World: This refers to the origin of a realm, holding, champion, or artifact. It is noted by a logo on the card, right beside the card's name. A logo at the bottom of the card by the card number refers to the publishing set, not the world, and has no affect on determining which cards can be attached. The AD&D logo is a world all its own; it is not a generic world whose artifacts are usable by all other world champions.

To run a SPELLFIRE tournament, all you need are:

• At least 9 players (for a scored tournament)
• A copy of both SPELLFIRE Reference Guides
• A coordinator, who is in charge of interpreting rules during the tournament. Large tournaments might require more than one judge.

There are a variety of different tournaments to choose from that are considered standard. Standard tournaments are detailed below. Most of the tournaments are intermediate-level events, though there are a few advanced tournaments to challenge experienced players.
Additional tournament types are legal as long as the rules for the tournament are clear. If you create a new tournament, please send us your rules and we’ll consider making it a standard tournament. Ways to contact the Design Team are at the end of this document.
Most of these tournaments work well at any deck size, though the Shattered Land tournament takes a lot longer with larger deck sizes. Every tournament is comprised of three players. The first player to win two games advances.

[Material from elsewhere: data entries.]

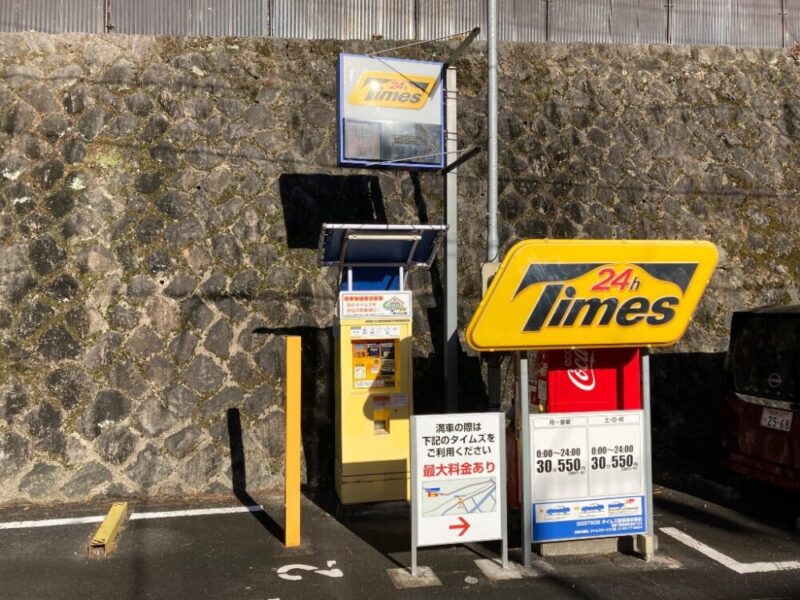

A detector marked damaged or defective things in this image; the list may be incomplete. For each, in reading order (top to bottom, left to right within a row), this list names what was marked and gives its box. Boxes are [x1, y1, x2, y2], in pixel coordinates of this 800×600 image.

rusty metal wall panel [0, 0, 104, 33]
rusty metal wall panel [113, 0, 268, 36]
rusty metal wall panel [552, 0, 612, 44]
rusty metal wall panel [612, 0, 668, 44]
rusty metal wall panel [672, 0, 736, 45]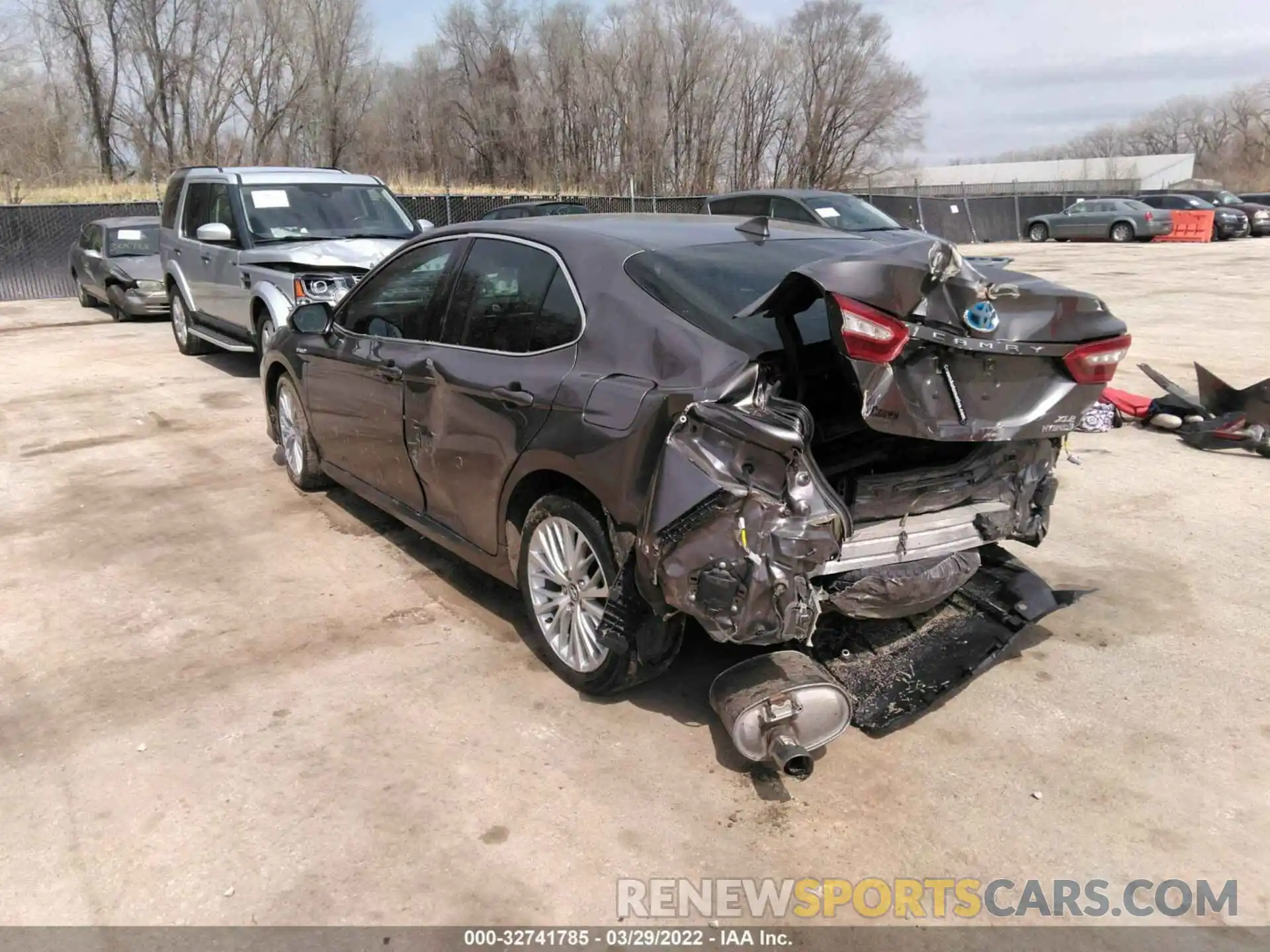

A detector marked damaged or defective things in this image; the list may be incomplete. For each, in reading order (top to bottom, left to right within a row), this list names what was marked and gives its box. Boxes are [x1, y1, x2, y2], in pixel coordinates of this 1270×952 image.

damaged toyota camry [261, 218, 1132, 783]
wrecked vehicle [261, 218, 1132, 783]
broken tail light [831, 292, 910, 362]
crushed rear end [630, 234, 1127, 777]
broken tail light [1064, 331, 1132, 383]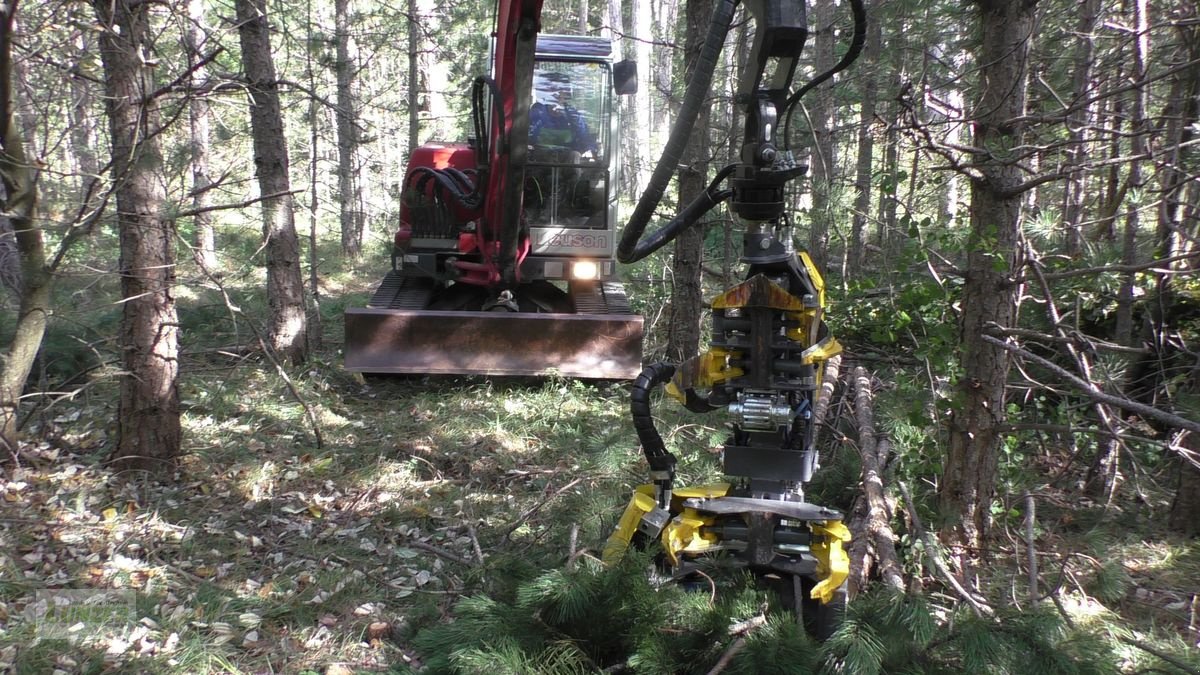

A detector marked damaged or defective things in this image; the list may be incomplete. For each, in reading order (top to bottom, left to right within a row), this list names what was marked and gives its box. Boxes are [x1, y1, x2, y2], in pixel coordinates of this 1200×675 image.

rusty dozer blade [345, 275, 648, 374]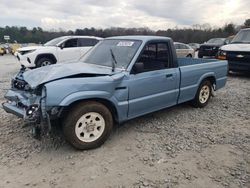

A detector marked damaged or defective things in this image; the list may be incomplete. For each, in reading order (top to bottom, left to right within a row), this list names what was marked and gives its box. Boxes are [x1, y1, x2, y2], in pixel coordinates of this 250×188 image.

damaged front end [1, 68, 48, 129]
crumpled front hood [23, 61, 113, 88]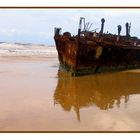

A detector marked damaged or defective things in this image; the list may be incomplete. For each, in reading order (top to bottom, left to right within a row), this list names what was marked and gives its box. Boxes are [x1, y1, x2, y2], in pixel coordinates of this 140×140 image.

rusty shipwreck [53, 17, 140, 76]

Championship (Intermediate)
This is the standard SPELLFIRE tournament game. Each player constructs a deck based on the number of cards (55, 75, or 110) and players battle toward the established victory conditions (6 or 10 realms). Note that dungeon cards are not considered part of these deck totals.

Conqueror’s Game (Advanced)
The first player to raze four realms in combat and have three unrazed realms of his own wins the game. Each player brings his own unique markers to identify the realms he has razed.
Realms razed outside of combat (through “vengeful” ally or champion powers or through events) don’t count. A realm is only considered razed if the attacking player’s champion wins the round of combat and causes the realm to be razed.
Each time a realm is razed, the victorious player pushes one of his markers forward. Once a realm is razed, it makes no difference whether the realm is rebuilt or discarded (the player always keeps his marker). Likewise, multiple players can get a marker by razing the same realm (through rebuilding by the owning player), and a player can get an additional marker by razing the same realm in combat at a later time. Any realm that is discarded as a result of combat does not earn a marker, however.

King’s Decree (Intermediate)
All champions get to attack any realm of an opponent, regardless of its position or special powers. Each time a realm is razed in combat, the victorious player gets to draw one card at random from each of his opponents and discard it.

Sealed Deck (Beginner)
This is the best type of tournament to introduce new players to SPELLFIRE. Each player gets one sealed deck of 4th Edition cards to use. Each sealed deck is considered to be tournament legal, allowing the player to use any card in the deck.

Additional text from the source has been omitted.